SUPPLIED ENTRIES START

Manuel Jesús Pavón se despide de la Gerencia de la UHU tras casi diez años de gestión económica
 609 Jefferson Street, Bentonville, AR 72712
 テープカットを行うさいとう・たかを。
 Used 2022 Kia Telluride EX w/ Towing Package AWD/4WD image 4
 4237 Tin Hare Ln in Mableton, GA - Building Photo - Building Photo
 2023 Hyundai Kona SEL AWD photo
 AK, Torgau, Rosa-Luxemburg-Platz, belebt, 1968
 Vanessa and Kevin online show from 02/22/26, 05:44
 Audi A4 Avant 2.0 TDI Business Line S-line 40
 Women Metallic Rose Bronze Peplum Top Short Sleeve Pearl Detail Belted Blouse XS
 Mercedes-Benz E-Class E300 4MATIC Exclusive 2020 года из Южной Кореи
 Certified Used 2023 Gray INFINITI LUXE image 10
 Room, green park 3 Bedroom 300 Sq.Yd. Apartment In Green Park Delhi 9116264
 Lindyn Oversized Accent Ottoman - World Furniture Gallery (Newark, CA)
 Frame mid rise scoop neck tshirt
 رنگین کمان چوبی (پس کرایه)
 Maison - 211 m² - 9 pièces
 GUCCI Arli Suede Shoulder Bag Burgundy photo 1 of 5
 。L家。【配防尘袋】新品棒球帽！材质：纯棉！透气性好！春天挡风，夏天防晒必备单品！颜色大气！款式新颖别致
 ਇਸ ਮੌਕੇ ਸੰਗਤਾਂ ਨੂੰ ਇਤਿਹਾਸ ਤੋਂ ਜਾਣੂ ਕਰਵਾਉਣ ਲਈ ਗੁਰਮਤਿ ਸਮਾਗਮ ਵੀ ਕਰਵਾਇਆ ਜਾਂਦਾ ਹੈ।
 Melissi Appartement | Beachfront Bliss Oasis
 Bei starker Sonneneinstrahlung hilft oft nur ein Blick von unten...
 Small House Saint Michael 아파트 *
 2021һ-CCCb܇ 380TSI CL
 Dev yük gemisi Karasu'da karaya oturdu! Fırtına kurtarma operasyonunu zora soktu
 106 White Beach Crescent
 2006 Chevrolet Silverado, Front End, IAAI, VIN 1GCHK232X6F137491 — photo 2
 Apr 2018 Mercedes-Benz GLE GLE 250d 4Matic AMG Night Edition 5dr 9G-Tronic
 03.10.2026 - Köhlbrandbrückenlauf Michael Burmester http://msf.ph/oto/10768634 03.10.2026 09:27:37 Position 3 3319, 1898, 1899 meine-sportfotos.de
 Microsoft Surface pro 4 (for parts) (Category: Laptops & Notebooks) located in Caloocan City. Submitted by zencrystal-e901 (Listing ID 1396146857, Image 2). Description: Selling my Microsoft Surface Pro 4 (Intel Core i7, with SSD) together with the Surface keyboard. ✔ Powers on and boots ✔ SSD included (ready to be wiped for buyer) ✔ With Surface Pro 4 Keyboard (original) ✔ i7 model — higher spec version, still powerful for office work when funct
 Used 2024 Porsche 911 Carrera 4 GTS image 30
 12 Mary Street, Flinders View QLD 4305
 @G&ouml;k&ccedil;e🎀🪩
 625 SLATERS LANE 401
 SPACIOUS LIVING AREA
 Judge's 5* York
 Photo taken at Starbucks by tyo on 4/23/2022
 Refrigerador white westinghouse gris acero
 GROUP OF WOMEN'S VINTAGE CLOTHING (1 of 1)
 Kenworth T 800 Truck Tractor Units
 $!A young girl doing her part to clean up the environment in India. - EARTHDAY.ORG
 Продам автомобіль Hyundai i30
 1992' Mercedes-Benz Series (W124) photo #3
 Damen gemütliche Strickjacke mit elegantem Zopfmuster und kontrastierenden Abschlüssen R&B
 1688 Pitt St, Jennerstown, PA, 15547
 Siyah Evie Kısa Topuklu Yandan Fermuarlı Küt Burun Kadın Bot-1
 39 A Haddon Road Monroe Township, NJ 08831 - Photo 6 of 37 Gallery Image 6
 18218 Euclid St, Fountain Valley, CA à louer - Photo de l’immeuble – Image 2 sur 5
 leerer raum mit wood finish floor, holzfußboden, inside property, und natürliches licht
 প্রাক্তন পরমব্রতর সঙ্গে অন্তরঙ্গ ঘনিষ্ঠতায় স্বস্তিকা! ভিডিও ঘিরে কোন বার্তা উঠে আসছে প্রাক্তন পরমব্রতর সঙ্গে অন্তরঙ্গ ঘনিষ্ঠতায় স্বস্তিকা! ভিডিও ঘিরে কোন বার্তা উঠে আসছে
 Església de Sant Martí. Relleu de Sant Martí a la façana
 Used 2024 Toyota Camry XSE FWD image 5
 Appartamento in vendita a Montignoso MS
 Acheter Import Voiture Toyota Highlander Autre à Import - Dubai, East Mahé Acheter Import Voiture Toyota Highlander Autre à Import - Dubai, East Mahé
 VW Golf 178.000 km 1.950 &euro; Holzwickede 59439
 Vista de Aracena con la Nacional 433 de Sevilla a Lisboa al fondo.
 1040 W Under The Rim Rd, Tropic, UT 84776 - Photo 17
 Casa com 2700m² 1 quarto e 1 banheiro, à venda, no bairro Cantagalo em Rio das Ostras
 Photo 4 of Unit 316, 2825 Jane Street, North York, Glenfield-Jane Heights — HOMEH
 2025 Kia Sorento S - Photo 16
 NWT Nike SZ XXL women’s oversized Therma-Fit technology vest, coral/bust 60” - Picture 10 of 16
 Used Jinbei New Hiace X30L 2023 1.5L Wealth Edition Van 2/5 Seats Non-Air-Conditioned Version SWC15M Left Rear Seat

SUPPLIED ENTRIES END

For the material above, reproduce exactly the lines from the line with "GUCCI Arli Suede" to the line with "Apr 2018 Mercedes-Benz", inclusive, and exclude all others.

■ SOLUTION BELOW ■
 GUCCI Arli Suede Shoulder Bag Burgundy photo 1 of 5
 。L家。【配防尘袋】新品棒球帽！材质：纯棉！透气性好！春天挡风，夏天防晒必备单品！颜色大气！款式新颖别致
 ਇਸ ਮੌਕੇ ਸੰਗਤਾਂ ਨੂੰ ਇਤਿਹਾਸ ਤੋਂ ਜਾਣੂ ਕਰਵਾਉਣ ਲਈ ਗੁਰਮਤਿ ਸਮਾਗਮ ਵੀ ਕਰਵਾਇਆ ਜਾਂਦਾ ਹੈ।
 Melissi Appartement | Beachfront Bliss Oasis
 Bei starker Sonneneinstrahlung hilft oft nur ein Blick von unten...
 Small House Saint Michael 아파트 *
 2021һ-CCCb܇ 380TSI CL
 Dev yük gemisi Karasu'da karaya oturdu! Fırtına kurtarma operasyonunu zora soktu
 106 White Beach Crescent
 2006 Chevrolet Silverado, Front End, IAAI, VIN 1GCHK232X6F137491 — photo 2
 Apr 2018 Mercedes-Benz GLE GLE 250d 4Matic AMG Night Edition 5dr 9G-Tronic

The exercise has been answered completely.